Forget the Marketing, the PR, Tennis Needs Players to Show Up
Just read my blogging colleague Lynn Berenbaum’s excellent eye-opening piece on the new changes at the ATP and with men’s tennis. Unlike me, she’s up on matters of the Tour. Last month she blogged on the round robin format, which has already been sanctioned at more than a dozen 2007 events, or as I would call them “events where you will not find Roger Federer”. ADHEREL
Back to Lynn’s blog. Frankly I don’t really care about the ATP’s hires and fires, but it does interest me when a sporting organization is planning on changing its name for this, the second time this decade. That’s a big thing. From ATP Tour to ATP to apparently ATP to ATP Worldwide whatever. Who gives crap. Changing the name is not going to magically moves the sport’s popularity past pub darts. Get over it.
Now I don’t profess to know much (if anything) about the inner workings of men’s tennis, but I do often and fairly compare it to the other pro sports I follow. So when was the last time the NBA or NFL or NHL changed its name?
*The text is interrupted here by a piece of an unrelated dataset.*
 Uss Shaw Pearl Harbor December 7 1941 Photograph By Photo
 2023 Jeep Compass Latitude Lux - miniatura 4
And good luck marketing just six guys. I’m guessing Davydenko or Nalbandian or Ljubicic aren’t among the Chosen Six, right? Surely Federer, Nadal, Roddick and Blake. Then maybe Nalbandian and Murray, and maybe they can sneak in Safin. Basically, you go with guys who can sell tickets and/or those who are worth some bank. Hell, throw in Donald Young!
Point is, in tennis you never know. What if Blake goes back to 2003 Blake. Or Connors leaves Roddick and Andy decides that standing 10 feet behind the baseline is “in” again. Then who are you promoting?
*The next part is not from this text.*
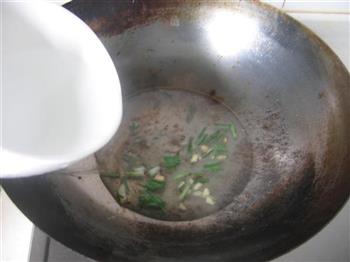 蘑菇鲫鱼汤怎么做，蘑菇鲫鱼汤怎么做好吃，蘑菇鲫鱼汤做法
Tennis has a lot of problems, and many of them will not be solved in my lifetime (season too long, appearance fees, too many self interests, etc). I get that. But tennis (WTA included) really needs to stop spending money on marketing and websites and posters and ranking systems, etc, and start looking at how to get their product – that means the top players – to show up on a consistent basis at their major events.
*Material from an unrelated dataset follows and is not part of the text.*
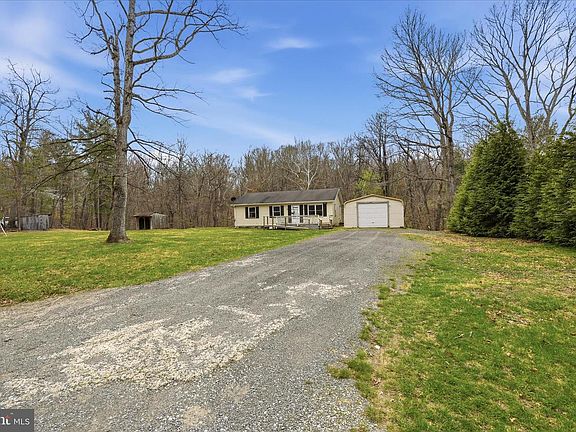 4th image of 397 White Oak Ln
Peyton Manning is arguably the biggest star in the NFL today, and part of the reason he’s reached that level is because the guy shows up 16 Sundays out of 16 every fall, every year. Since entering the league Manning has started 141 straight games for the Colts, a streak that will continue next Monday. That’s 141 straight without missing the first snap of the game, which is pretty amazing when you consider it’s football. Makes me wonder who on the ATP or WTA has the longest consecutive streak of not pulling out of an tournament! I would love to know that one. (I’d bet Davydenko!) I mean if Manning can play 141 straight games surely some tennis guy/gal has played like 30 straight events without a pull, right? Maybe 40?
But Manning knows that showing up is his responsibility. That’s what he’s paid to do. That’s his commitment to his team, to his fans, to his league and to himself. And even though I’m not much of a Manning fan, I respect that about him and other athletes like Brett Favre who take pride in what they do and in the opportunity they have all been given – to get paid big time for playing a kids’ sport.
I just wish many of our tennis players shared in that same spirit. That way the governing bodies of the sport could stop throwing away money on temporary band aids in attempt to raise the sport’s profile. The best thing tennis has is its players, now get them on the court!